By September of 1944 when I was born, the Allied troops had liberated Paris, and were moving into Germany. But to my parents, the Second World War seemed distant to their yearly rhythms of planting and harvesting, reading and babies. Both in our home and at church meetings, the young couple kept on using the German language, the Pennsylvania German dialect or Dutch. Instead of a daily newspaper, they had the Bible, an Anabaptist hymnbook called The Ausbund and the thicMartyrs Mirror as guides. They also subscribed to a German and English periodical called the Herald der Wahrheit (Herald of Truth) and a Mennonite English weekly called the Gospel Herald.

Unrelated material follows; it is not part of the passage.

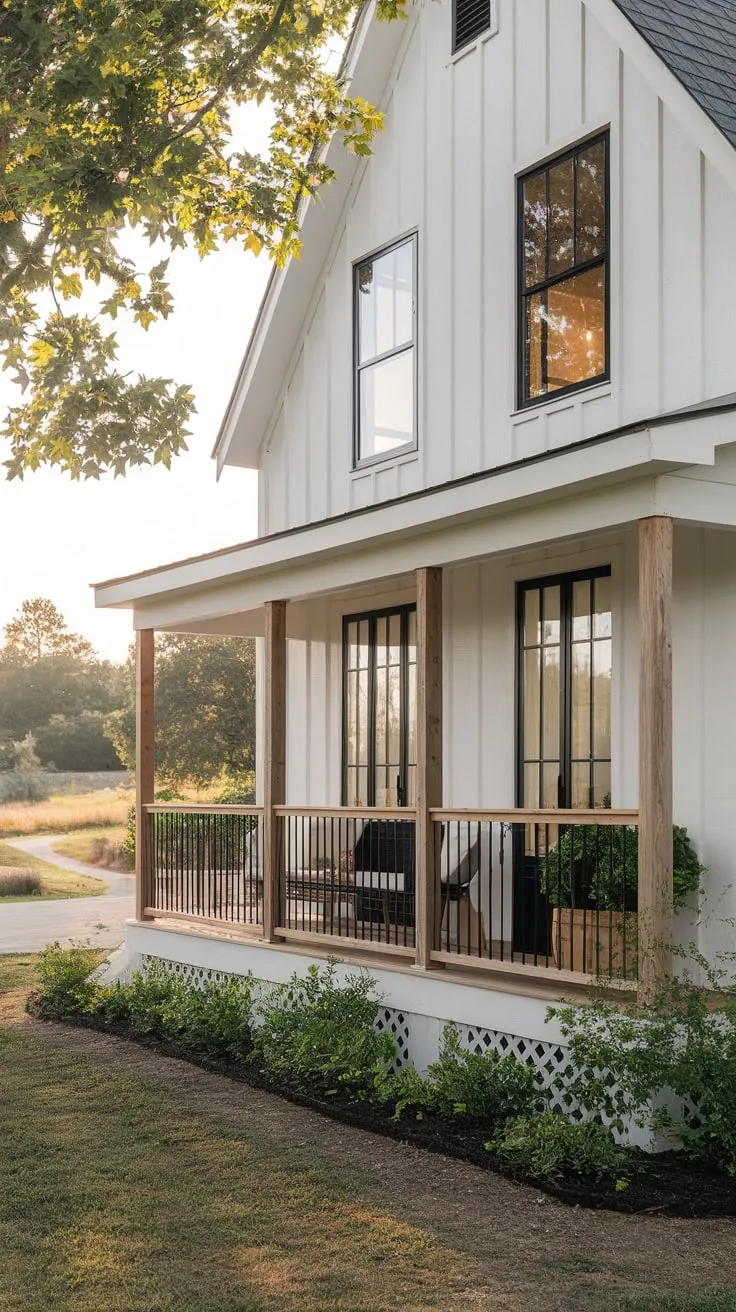 Serene White Farmhouse with Inviting Porch and Lush Surroundings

The closest my mother Mattie came to the war was that her husband Andrew was drafted two months after their wedding (June 13, 1941), and as a Conscientious Objector to war assigned to a Civilian Public Service (CPS) camp near Bluffton, Indiana. The assignment was all; Andrew got a farm deferment. Meanwhile, one of her school teachers Roy R. Miller now at the Berlin High School was drafted, as was her sister Clara’s boyfriend Noah E. Miller of Sugarcreek. Roy R. Miller went to serve as educational coordinator at a CPS camp near Sideling Hill in Pennsylvania, and Noah E. Miller did several years in forestry service at Three Rivers, California. While in this alternate service, Roy made new friends: a young woman from Columbiana, Ohio, called Berdella Blosser, and a young couple from Scottdale, Pennsylvania: Ralph and Elizabeth Sieber Hernley.

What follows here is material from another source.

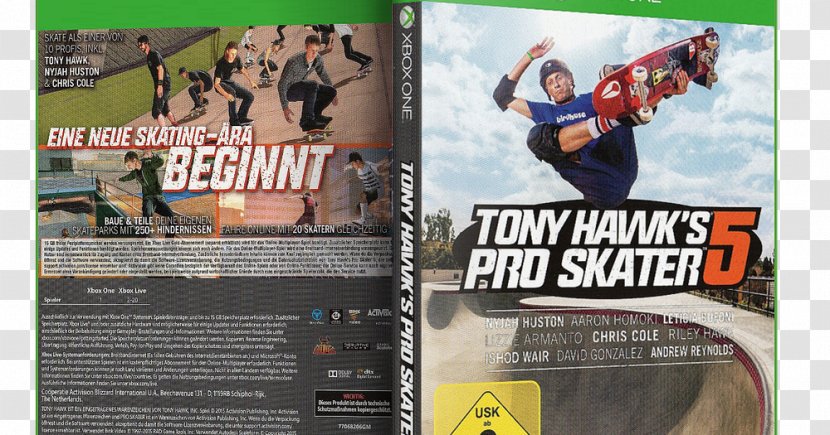 Tony Hawk's Pro Skater 5 HD Xbox 360 4 - Advertising Transparent PNG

The information about my mother Mattie Miller was gathered from oral family conversations, much by Mattie herself when most of this was written in January, 2010. Regarding being a good baby, I often heard this characterization by Mattie and she wrote about it on a 50th birthday card 1994, now in that year's correspondence file. Mattie’s mother Sarah’s death account comes from “Woman Dies from Burns on Christmas” published in the Holmes County Amish Gemeinde Register by Aunt Clara Miller sometime in 1994; a copy is in my file. Mattie’s schooling information is from her yearly grade cards and quotes from Mattie’s letters with her boyfriend Raymond D. Yoder (1911-1936) and family members are in a cache of letters she retained from the 1930s, currently held by John D. Roth at the Goshen College Mennonite Historical Library. In that same collection is a letter from Raymond’s mother Sarah (Mrs. Dan I. Yoder) referenced above is January 30, 1937. Mattie’s teenage autograph book is in this same collection. Basic genealogies of the Miller and Schlabach families I have used are: J. Virgil Miller, Anniversary History of the Family of John “Hannes” Miller, Sr. (ca. 1730 – 1798), (Morgantown: Masthof Press, 1998) and Harvey Hostetler two opus books: Descendents of Jacob Hochstetler (Brethren Publishing House, first printing, 1912) and Descendents of Barbara Hochstetler (Mennonite Publishing House, first printing, 1938); both have been reprinted many times. The story on The Anabaptist Vision (Scottdale: Herald Press, 1944) is available from Albert Keim’s article, “History of the Anabaptist Vision,” Mennonite Historical Bulletin (October, 1993, pages 1-7). Andrew Miller’s June 13, 1941, letter assigning him to a CPS camp is also in Mattie’s collection at the Mennonite Historical Library.